My father’s job with the Quality Footwear Co. required that he crisscross the Midwest — “my territory,” he called it — maintaining discount shoe displays in grocery stores like Piggly Wiggly, Red Owl and Harley’s Foods ’n’ Stuff.

In the summer of 1964, he took me with him. I wasn’t sure why, and he offered no reason. I was still too young to drive, and since we barely spoke at home, we wouldn’t be much company for each other. Nevertheless, off we drove to Wahoo, Kearney, Ottumwa and dozens more towns in between and beyond, leaving behind my skeptical mother, whom we wouldn’t see again until the night of the Great Speech.

Dad put me to work from the get-go. First, I’d tear open the shipment of “fall styles” with my bare hands. I wasn’t allowed to use his box-cutter. He said I had to earn that privilege — his version of a promotion incentive.

But I was somewhat placated when he assigned me the responsibility of repacking and labeling the boxes of “summer styles” for shipment back to the Minneapolis warehouse. After inspecting my work, he’d slap each box once and say, “Done” — his stingy compliment in place of “Good job.” Still, what mattered more was earning his trust to use the coveted box-cutter. He knew that.

Next, he taught me how to display the shoes properly on Quality Footwear’s imitation wooden tables. (“Ladies’ shoes in front, then children’s, then men’s … . Smallest sizes in front … . Mix your colors and styles … . No! Not that way … . Tuck the lace inside … . Watch me … . Now you try.”) In my dad’s way of thinking, even a Harley’s Foods ’n’ Stuff deserved a professionally prepared display of discount shoes.

After we serviced the last store for the day, we ate quickly, then took to the road. At first, I dreaded the long hours ahead before TV and sleep. But soon, driving into the night on deserted highways and back roads became an exhilarating trek into the unknown.

This, of course, was from the perspective of a kid who rarely left his sheltered neighborhood, hadn’t risked much of anything yet and whose worldview was pretty much limited to a geography book. Out here, the faint light of a lonesome farmhouse and the creepy shadow of a railroad crossing was the New World to me.

“Manning the radio,” as my dad called it, was my job in the car. I swiveled the knobs and pushed the buttons with the focus of a co-pilot to find an audible station that we — well, he — liked.

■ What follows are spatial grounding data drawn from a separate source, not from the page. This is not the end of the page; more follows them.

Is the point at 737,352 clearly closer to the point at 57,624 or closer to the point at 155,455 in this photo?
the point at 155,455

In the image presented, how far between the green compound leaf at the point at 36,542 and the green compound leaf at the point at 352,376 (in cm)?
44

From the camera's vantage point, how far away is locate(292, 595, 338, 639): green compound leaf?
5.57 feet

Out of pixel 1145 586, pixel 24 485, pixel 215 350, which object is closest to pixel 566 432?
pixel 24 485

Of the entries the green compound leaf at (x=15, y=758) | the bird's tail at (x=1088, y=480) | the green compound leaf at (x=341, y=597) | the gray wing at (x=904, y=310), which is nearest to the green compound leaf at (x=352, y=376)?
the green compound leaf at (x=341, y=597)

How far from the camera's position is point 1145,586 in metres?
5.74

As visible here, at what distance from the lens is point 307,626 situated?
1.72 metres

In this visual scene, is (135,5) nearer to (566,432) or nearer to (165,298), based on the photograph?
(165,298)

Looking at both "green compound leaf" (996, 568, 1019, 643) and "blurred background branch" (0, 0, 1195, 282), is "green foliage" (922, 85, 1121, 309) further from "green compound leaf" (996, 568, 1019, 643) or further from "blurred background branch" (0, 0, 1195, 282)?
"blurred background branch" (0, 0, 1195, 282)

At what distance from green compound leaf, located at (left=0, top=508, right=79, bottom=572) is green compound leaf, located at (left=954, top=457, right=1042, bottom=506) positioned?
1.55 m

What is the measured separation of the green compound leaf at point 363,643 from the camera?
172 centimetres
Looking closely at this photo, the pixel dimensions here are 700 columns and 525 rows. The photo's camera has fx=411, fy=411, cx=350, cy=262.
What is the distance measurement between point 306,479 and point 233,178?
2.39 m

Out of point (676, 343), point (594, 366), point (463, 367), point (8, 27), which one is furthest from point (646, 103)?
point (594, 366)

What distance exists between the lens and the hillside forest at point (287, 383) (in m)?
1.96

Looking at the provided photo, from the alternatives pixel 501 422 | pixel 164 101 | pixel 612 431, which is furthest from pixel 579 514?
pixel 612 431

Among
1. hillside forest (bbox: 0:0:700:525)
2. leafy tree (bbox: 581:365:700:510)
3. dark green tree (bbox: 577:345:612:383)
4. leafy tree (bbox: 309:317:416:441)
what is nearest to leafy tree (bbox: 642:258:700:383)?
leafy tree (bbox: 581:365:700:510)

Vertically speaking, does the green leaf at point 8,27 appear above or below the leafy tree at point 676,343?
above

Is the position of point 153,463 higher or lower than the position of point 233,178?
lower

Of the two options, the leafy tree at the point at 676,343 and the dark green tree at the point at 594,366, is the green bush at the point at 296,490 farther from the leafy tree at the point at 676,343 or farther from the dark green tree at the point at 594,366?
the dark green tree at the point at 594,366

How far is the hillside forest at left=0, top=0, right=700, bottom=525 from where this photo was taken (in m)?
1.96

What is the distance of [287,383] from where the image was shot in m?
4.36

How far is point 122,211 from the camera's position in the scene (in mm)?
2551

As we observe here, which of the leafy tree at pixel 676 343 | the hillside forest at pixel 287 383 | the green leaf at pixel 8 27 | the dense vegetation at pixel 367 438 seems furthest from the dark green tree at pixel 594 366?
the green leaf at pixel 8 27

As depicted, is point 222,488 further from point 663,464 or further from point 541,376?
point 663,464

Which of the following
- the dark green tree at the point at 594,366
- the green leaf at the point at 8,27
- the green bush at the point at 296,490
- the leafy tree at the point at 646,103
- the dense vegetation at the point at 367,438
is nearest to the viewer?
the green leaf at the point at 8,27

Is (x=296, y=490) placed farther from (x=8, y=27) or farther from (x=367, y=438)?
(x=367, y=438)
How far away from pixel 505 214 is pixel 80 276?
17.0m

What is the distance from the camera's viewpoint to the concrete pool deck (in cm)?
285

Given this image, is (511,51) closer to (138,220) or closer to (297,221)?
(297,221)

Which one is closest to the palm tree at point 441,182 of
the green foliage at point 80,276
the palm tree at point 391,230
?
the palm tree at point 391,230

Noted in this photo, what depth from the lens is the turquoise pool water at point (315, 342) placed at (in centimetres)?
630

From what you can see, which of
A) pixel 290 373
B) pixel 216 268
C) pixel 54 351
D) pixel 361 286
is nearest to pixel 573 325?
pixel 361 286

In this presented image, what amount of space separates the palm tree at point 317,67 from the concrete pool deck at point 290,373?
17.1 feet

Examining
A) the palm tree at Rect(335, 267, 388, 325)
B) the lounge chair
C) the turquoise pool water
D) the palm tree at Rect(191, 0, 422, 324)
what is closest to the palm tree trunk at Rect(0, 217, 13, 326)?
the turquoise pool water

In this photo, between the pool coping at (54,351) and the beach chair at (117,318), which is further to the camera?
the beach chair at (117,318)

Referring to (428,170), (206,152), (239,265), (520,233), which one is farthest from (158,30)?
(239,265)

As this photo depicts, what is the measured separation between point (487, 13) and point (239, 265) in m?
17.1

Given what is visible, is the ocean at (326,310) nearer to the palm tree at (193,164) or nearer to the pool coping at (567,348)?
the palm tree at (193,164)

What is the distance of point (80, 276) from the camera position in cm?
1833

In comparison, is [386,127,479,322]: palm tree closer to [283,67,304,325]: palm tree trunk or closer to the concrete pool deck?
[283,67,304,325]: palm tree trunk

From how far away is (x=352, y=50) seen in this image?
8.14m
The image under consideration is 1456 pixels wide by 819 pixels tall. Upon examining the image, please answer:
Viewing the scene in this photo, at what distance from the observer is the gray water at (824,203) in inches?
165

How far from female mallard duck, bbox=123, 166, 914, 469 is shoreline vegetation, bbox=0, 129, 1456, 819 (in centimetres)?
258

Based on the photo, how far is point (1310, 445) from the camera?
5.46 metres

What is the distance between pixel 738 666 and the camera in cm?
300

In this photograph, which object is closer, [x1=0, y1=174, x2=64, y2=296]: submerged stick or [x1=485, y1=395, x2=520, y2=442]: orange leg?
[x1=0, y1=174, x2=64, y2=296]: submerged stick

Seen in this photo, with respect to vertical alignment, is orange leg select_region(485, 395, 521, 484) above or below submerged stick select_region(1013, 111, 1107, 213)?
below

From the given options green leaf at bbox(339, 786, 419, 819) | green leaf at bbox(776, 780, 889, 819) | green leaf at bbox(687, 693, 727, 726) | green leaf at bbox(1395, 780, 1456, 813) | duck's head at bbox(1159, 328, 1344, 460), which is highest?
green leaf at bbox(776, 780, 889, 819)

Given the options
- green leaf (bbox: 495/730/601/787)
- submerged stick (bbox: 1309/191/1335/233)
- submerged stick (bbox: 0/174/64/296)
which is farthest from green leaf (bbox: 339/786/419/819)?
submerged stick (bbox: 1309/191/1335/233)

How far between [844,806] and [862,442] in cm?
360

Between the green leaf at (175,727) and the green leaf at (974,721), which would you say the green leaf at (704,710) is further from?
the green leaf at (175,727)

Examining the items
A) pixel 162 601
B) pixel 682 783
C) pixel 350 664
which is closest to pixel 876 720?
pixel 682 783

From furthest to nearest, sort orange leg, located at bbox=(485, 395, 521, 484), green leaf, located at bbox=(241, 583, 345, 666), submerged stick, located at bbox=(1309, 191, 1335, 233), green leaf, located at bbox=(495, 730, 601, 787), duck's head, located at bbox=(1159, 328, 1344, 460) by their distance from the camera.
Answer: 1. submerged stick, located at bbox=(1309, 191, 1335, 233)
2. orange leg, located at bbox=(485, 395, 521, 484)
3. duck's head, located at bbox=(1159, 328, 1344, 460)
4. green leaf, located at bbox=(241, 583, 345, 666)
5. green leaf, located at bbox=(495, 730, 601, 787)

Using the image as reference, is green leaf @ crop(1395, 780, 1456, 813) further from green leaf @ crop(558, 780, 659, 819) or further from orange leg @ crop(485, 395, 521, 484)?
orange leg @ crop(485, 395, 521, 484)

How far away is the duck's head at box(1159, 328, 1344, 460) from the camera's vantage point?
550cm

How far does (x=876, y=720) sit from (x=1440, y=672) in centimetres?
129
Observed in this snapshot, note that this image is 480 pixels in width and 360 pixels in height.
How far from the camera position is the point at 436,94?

Those were the quirky twangs of the tiny-town Christian and farm report DJs and the local “news anchors” who at first sounded like they came from another planet. But somewhere in Nebraska or Kansas, those alien voices became more companionable than listening to “I Want to Hold Your Hand” or “Surfin’ Bird” for the umpteen millionth time in the middle of somewhere.

For nearly three weeks, I piloted the radio with pride and peonage and had earned station-choosing executive power. But on our last night on the road, when Dad heard the Democratic National Convention on the air, he told me to “lock it in.”

“But I’ve been in charge of …”

“Let’s listen to what he says.”

“Who?”

“He” was Hubert Humphrey. The “what” was his acceptance speech to run for the office of vice president.

Even us unstudied, goofball kids knew of Hubert Humphrey. He was almost everyone’s Minnesota Nice guy. My dad liked him, too, but had remarked more than once that he thought Hubert was sometimes “too much of a softy.”

But on this night he became our Minnesota Tough guy. The man was out for blood as he took aim at Arizona Sen. Barry Goldwater, the Republicans’ severe-looking, nasty-sounding nominee for president.

If you’re old enough, you might have listened to or watched Humphrey’s Great Speech. His adamant refrain, “But not Senator Goldwater!” each time he called the GOP candidate out for voting “no” on Senate bills, may have sealed the deal for President Lyndon Johnson in many Americans’ hearts and minds. (As in: “Most Democrats and Republicans in the Senate … voted for the Civil Rights Act — but not Senator Goldwater!”)

Nine times Humphrey blasted him with a “But not Senator Goldwater!”

Nine times.

At first, we listened to the delegates applaud appreciatively. But they caught on: Applause turned to cheers, then into a jubilant frenzy and, finally, at the anticipated moment, they accompanied Humphrey in a near-hysterical “But not Senator Goldwater!”

I had witnessed my dad’s response to hysterics just once, two years earlier, when the Twins’ Jack Kralick took his no-hitter into the ninth inning and finished it. Dad dutifully stood with wildly cheering fans surrounding us. But, of course, he just applauded demurely.

But this time, at Humphrey’s ninth refrain, he smacked the steering wheel and shouted — I mean really shouted — along with the convention delegates, “But not Senator Goldwater!”

I’m not sure which of us was more startled.

The following night, after my dad had gone to bed, I told Mom about Humphrey’s speech and what my dad did.

Then I explained everything Dad had taught me about the discount shoe business and showed her the box-cutter he bought for me in Grand Island, Nebraska.

 

Richard Schwartz, of Minneapolis, is a retired teacher.